Note that the [aiogremlin](https://aiogremlin.readthedocs.io/en/latest/) example is notoriously
broken; that's presumably because the package lags behind the TinkerPop version quite a bit.

## Cypher support

With [Cypher for Gremlin](https://github.com/opencypher/cypher-for-gremlin) (Opencypher), you can query Janusgraph using
the Cypher query language originating from Neo4j.
This repo provides a configuration that installs the required plugins.

![Cypher for Gremlin](.readme/cypher-gremlin.svg)

Note that while the examples in this section work out of the box, some Java drivers will fail with
serialization issues such as `Encountered unregistered class ID: 65536`.
This happens especially in Gremlin- or Cypher-enabled applications that do not register JanusGraph's serializers,
e.g. in the Intellij [Graph Database support](https://plugins.jetbrains.com/plugin/8087-graph-database-support) plugin (see [this ticket](https://github.com/neueda/jetbrains-plugin-graph-database-support/issues/162)).
In order to have Cypher support working in those situations, you will need to "undo" Janusgraph specifics by doing the following changes.

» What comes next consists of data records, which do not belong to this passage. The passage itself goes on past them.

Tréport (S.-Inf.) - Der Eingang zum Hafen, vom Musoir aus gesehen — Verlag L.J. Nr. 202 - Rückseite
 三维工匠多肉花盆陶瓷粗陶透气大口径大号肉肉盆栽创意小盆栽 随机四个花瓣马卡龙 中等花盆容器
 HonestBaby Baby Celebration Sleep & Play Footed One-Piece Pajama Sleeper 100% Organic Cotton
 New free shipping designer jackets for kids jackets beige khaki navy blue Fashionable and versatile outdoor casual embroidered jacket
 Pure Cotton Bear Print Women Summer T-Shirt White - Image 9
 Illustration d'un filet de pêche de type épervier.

In `gremlin-server.yaml`, replace

- `org.janusgraph.channelizers.JanusGraphWsAndHttpChannelizer` with `org.apache.tinkerpop.gremlin.server.channel.WsAndHttpChannelizer`, and
- `org.janusgraph.graphdb.tinkerpop.JanusGraphIoRegistry` with `org.apache.tinkerpop.gremlin.tinkergraph.structure.TinkerIoRegistryV3d0`.

Then, **use the GraphSON v3 serializer**, since both Gyro and GraphBinary will require
you to register the exact types. After this, you should be good to go.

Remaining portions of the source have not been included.